The next stage will be the question of the torque-tube support fitting – long or short, turn the chassis fitting upside down or what? 

I have a couple of Hardy Spicer shafts and one of the intermediate types but I am thinking of staying with the earlier type of universal joint like the Chummy which I think is more correct for this machine though shaft length might be a problem. I suppose I must decide on which gear-box to use first and work backwards along the chassis. Help! 
To demonstrate the folly of precipitate action without research, I restored a steering column only to find that it was a year late, it is the earlier type of box but with a longer column which takes an ignition/throttle quadrant and levers but with a bakelite disc covering the quadrant. And incidentally I have had difficulty obtaining a new felt seal round the drop-arm. Then there is the steering wheel to be recovered but I am keeping that one for a bad time when I need some encouragement. I know a smart new steering wheel will lift the spirits. 

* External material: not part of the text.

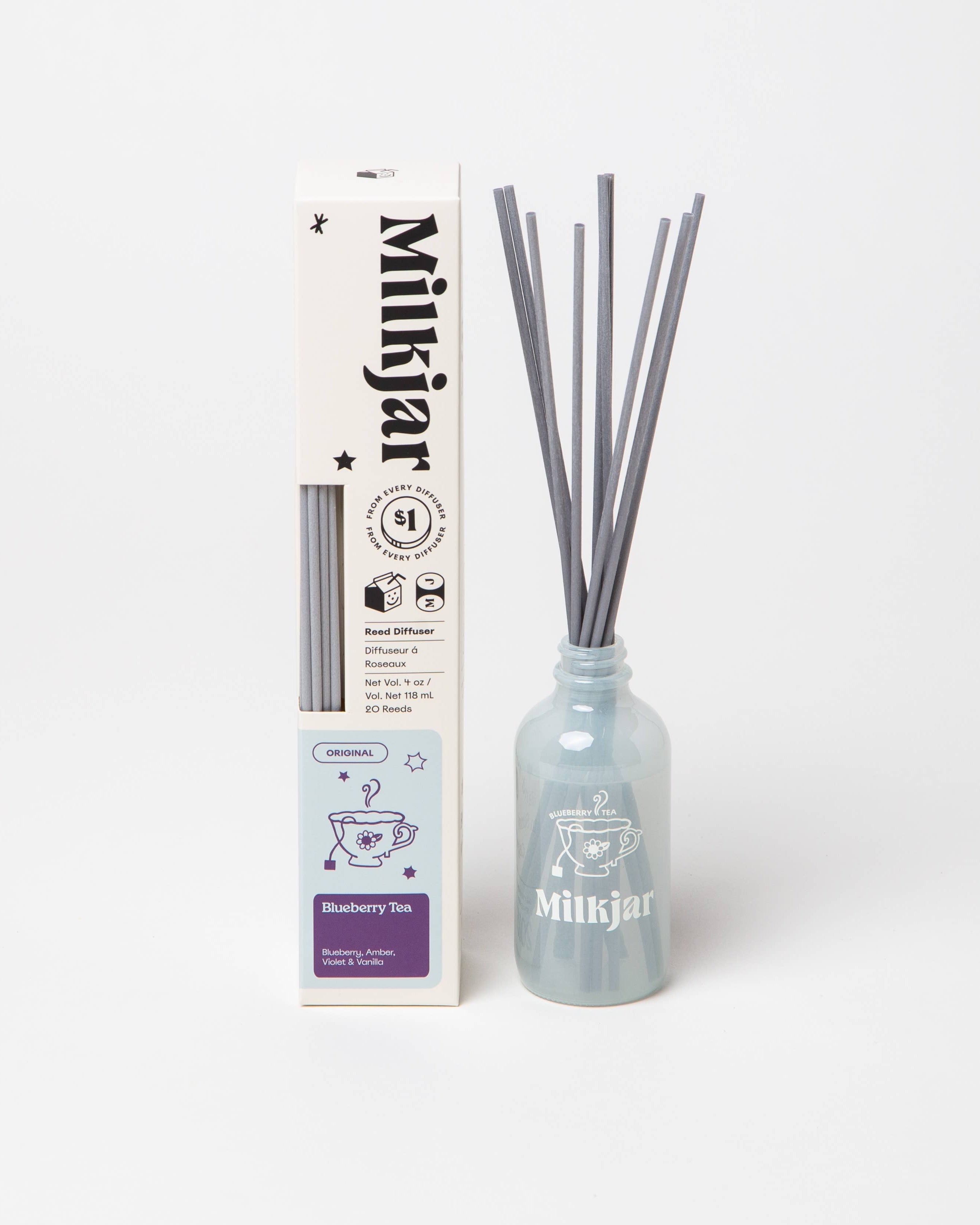 Blueberry Tea - Blueberry, Amber & Vanilla 4oz Reed Diffuser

Then there is the tale of the wheels. I had some nice chrome centred 19” wheels shot blasted and powder coated and they looked like new. But I discovered that the car I was trying to copy had solid centre wheels so I parted with the smart ones because I knew I had some solid centre wheels in the pile of rusty bits. Close examination of these rims revealed that 3 were really past recovery with rust. I found 2 excellent 19” rims, rims only, no hubs, and started to re-spoke them only to find that the spoke holes in the rims are different for different hub types. Research or trial and error, take your pick. So if anyone has 3 19” rims with holes equally spaced all the way round rather than in groups of 3 then I would much appreciate the contact. I might have something to swap in the rusty pile. And on the question of wheels and hubs, I found that the Girling cast iron drums do not fit into the hubs of 19” wheels so I must fit the earlier type, 1.25” drums.

I have a set of 17” wheels with chrome centres as well as a set Ruby 17” with the big chromed centre but I want solid centre 19s.

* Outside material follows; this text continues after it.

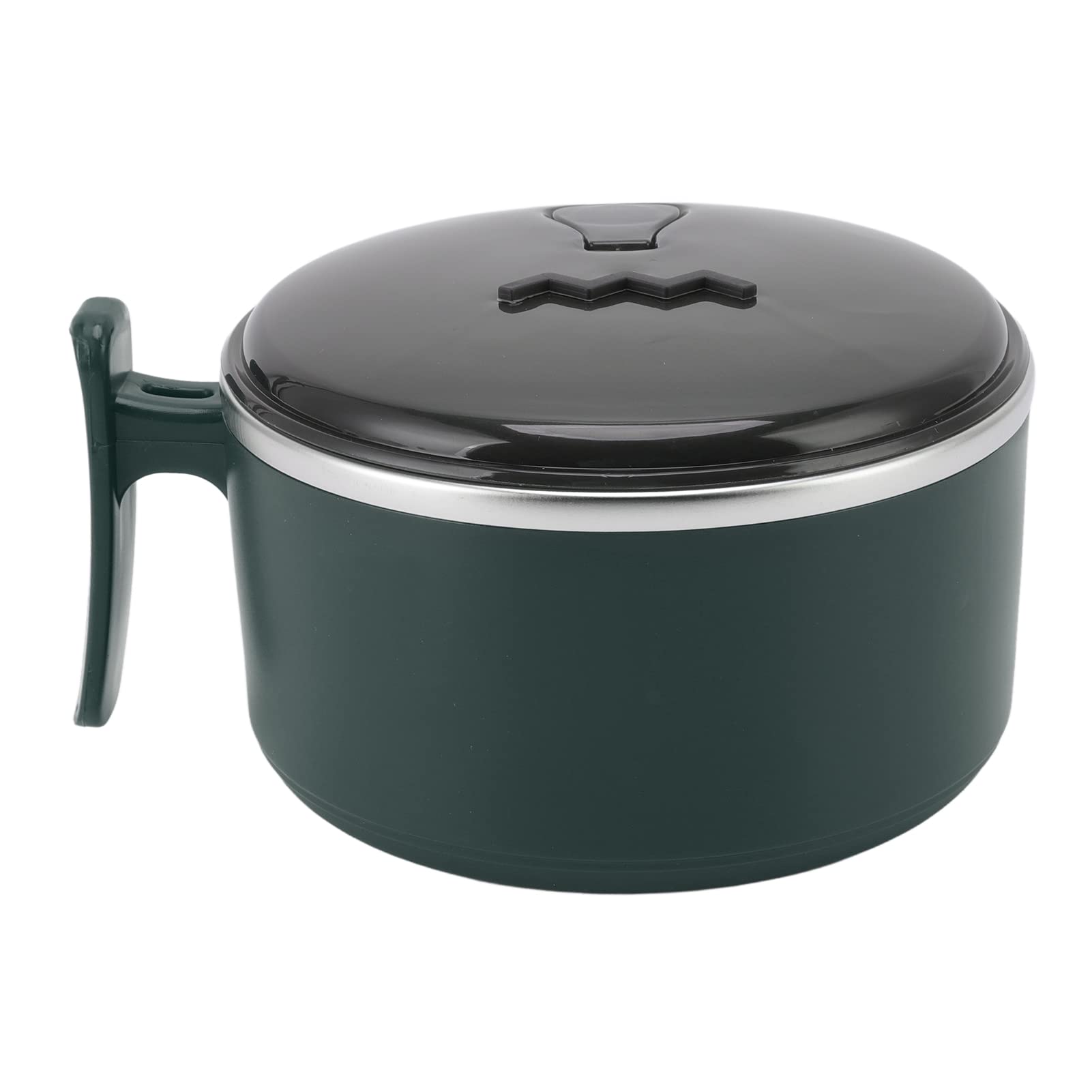 CHICIRIS Ciotola Termica In Acciaio Inox 304 Con Coperchio E Supporto Per Cellulare - Grande Capacità, Isolata A Doppio Strato, Per Ramen E Zuppe, Colore Nero - 2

I had a rare moment last week to think ahead and my glance fell on a radiator. I have what appears to be an excellent Ruby radiator but I want a Chummy type, shorter with central filler. One alternative is to butcher the Ruby rad, re-position the filler and fit a new core but I am very reluctant to destroy good original material. So I suppose I am looking for a defunct Chummy rad with good top and bottom tanks that I can re-core. 

Ian Jenkins will make a stainless steel fuel tank but I need drawings for the original type. The car I am trying to copy was unlike the production Ulster with it’s long bonnet and seems to be a modified Chummy type of body with a short scuttle in front of the instrument board followed by a longer, possibly removable scuttle section over the fuel tank with fillers protruding, followed by a Chummy bonnet and a Chummy radiator. This indicates a new bulkhead forward of the tank which would be a good idea to separate the fuel from a hot engine. 

One evening I turned my attention to the only lighting and ignition control panel I found in the pile. It was a little seized and the ammeter was rusted out but otherwise it is recoverable. Has anyone had any luck fitting a modern ammeter into the hole? I have a suspicion I can rebuild the old one by dismantling a 1920’s test meter I have but new guts in the original casing might be a better solution.
At this rate, rebuilding the engine and gear box will be material for all next year’s articles in your magazine but hopefully this article will encourage others to put their knowledge and experience on paper, however small the detail.